The COVID-19 pandemic has reduced the flight schedules of many airlines but at Aurigny, the airline I work for, we have an MRO maintenance base, alongside Line Maintenance authorisation, which facilitates a multi-skilled and flexible workforce. Meaning that we can perform heavy maintenance during this quiet time. Pre-pandemic it would be extremely busy in line maintenance operations due to the high rotation of aircraft in the flight schedule.
You were recently placed into a role by GOOSE Recruitment, with Aurigny Air Services. Can you tell us what your role covers?
In Line Maintenance, our role is to ensure that the flight schedule remains on time and therefore the team must be able to respond to any aircraft maintenance requirement during and after a flying day. After a day's flight schedule, we see to the scheduled and unscheduled light maintenance including defect rectification, which is necessary to keep the aircraft serviceable for the next day's flying.
What encouraged you to apply for the role?
The GOOSE Recruitment team reached out to me directly through LinkedIn and the Consultant managing the role did a fantastic job at representing me to the client.

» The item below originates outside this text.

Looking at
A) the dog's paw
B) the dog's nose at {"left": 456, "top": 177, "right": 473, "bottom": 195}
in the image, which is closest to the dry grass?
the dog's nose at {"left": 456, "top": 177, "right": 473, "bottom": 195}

He made a huge effort to spend time going through my interview presentation and gave me some great interview tips.
The opportunity was incredibly attractive and provided the chance for me to join a great airline, whilst being located on the beautiful Channel Islands coastlines. A great place to be for our campervan holidays with Otto, our Dachshund.
What is your favourite aircraft to work with and why?
Previously the Embraer ERJ145 and now the Embraer E170/190, mostly because of the logic in the way the aircraft systems are designed but I enjoy learning the ins and outs of new aircraft types and new technologies. I am looking forward to seeing the ATR's Enhanced Vision System (Clear Vision) in action.
What aircraft would you love to work with in the future?
The Embraer 190E2 and their bizjets, especially the Phenom with its new Garmin Prodigy Touch avionics suite. I am quite interested in hybrid electric aircraft technologies, particularly figuring out how this modified propulsion system can be practically designed into the complexities of a commercial aircraft.
How has the role of an aircraft engineer changed over the years and what have you done to ensure that you stay relevant?
What used to be a labour-intensive role, now relies heavily on documentation and compliance. Aircraft are continuously evolving from analogue and mechanical to digital and electrical interfaces, which has changed an engineer’s method of maintenance and fault investigation.
Keeping current and up to date is a crucial part of the MRO culture and as engineers are always keen to share their new experiences, it's never been much hassle keeping abreast of technology and procedures.
Has the pandemic required you to adopt any new skills in your role? If so, what are they?
It has pushed me to be flexible and keep an open mind in what my role may involve. The current aviation climate is tough, and you need to be agile for any changes that may come your way.
If you could change one thing about the aviation industry, what would it be?
I would like to see a worldwide aviation authority, where all personnel are qualified to the same standard, allowing them to work in their profession in any country.
What would your number one tip be when applying and interviewing for aviation engineering roles?
In my experience recruiters and head-hunters have always had the best advice and guidance and are a great help during the application process. I have found that transparency goes a long way when applying for a job, and so does keeping your smile on in an interview. As long as you are smiling and transparent it is much easier to present yourself confidently when elaborating on a question in an interview.